■ **Your instructions**
Scan the listing below for the word "from", then copy each line that has it.

• • • •

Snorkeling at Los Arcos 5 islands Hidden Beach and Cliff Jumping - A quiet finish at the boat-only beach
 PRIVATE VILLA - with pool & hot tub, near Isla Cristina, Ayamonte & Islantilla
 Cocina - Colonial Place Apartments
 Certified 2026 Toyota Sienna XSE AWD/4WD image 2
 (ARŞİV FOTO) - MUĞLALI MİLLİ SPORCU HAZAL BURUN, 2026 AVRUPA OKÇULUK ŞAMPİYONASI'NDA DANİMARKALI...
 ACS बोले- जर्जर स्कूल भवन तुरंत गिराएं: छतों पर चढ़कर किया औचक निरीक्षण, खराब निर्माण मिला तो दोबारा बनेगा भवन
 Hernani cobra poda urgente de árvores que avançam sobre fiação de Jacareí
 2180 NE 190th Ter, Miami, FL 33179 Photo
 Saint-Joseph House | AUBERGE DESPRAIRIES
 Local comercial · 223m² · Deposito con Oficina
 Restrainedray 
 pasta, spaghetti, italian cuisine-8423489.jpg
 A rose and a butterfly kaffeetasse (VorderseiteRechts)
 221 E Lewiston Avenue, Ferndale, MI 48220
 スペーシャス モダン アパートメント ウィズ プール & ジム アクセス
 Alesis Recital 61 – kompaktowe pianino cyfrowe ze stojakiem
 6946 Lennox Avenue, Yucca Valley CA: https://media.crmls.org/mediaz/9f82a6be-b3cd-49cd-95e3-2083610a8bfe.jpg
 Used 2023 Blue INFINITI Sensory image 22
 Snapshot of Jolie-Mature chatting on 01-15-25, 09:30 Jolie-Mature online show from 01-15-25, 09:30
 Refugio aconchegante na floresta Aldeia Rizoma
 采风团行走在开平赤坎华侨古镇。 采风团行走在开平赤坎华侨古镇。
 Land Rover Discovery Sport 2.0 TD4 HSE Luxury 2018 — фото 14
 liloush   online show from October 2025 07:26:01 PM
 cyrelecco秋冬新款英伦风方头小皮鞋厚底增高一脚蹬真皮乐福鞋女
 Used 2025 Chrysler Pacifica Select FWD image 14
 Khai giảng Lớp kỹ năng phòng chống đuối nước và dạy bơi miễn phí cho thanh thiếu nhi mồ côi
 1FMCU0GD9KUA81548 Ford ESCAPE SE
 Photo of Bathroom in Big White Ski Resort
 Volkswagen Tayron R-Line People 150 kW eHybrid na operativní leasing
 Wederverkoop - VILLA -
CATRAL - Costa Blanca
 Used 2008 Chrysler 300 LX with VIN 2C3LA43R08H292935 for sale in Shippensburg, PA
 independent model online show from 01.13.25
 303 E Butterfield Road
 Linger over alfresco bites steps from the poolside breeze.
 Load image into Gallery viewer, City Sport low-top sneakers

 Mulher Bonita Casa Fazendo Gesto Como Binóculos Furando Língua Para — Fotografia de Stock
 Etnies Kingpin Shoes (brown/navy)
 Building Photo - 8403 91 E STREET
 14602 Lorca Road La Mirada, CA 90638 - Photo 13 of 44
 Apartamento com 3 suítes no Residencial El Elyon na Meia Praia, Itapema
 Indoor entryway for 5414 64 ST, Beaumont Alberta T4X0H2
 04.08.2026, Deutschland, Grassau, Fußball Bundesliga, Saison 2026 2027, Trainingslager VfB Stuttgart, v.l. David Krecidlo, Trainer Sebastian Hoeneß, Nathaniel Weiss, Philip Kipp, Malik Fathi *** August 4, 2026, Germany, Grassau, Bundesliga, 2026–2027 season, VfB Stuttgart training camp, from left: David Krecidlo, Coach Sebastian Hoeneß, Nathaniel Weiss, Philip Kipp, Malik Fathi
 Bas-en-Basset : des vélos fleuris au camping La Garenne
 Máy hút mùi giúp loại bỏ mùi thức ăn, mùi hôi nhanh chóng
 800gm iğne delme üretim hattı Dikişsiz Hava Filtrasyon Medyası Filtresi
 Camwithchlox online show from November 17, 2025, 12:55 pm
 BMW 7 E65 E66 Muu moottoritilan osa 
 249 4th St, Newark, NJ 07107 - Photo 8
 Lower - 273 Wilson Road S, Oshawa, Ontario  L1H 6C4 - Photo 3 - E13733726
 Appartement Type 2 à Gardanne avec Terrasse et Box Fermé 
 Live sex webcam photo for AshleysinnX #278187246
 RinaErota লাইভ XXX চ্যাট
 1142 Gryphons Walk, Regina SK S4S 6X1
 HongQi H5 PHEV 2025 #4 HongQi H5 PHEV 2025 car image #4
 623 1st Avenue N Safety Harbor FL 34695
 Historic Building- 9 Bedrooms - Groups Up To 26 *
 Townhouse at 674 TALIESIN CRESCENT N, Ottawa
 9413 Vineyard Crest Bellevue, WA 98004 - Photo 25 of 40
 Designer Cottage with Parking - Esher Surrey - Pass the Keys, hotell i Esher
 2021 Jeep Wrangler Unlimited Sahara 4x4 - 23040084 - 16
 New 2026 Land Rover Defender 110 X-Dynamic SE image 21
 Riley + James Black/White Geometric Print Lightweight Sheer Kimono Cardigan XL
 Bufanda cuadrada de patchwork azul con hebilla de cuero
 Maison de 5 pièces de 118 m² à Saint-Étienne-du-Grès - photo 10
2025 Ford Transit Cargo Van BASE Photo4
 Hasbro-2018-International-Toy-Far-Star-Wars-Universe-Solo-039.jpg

• • • •

■ **Reply to the task**
 Snapshot of Jolie-Mature chatting on 01-15-25, 09:30 Jolie-Mature online show from 01-15-25, 09:30
 liloush   online show from October 2025 07:26:01 PM
 independent model online show from 01.13.25
 Linger over alfresco bites steps from the poolside breeze.
 04.08.2026, Deutschland, Grassau, Fußball Bundesliga, Saison 2026 2027, Trainingslager VfB Stuttgart, v.l. David Krecidlo, Trainer Sebastian Hoeneß, Nathaniel Weiss, Philip Kipp, Malik Fathi *** August 4, 2026, Germany, Grassau, Bundesliga, 2026–2027 season, VfB Stuttgart training camp, from left: David Krecidlo, Coach Sebastian Hoeneß, Nathaniel Weiss, Philip Kipp, Malik Fathi
 Camwithchlox online show from November 17, 2025, 12:55 pm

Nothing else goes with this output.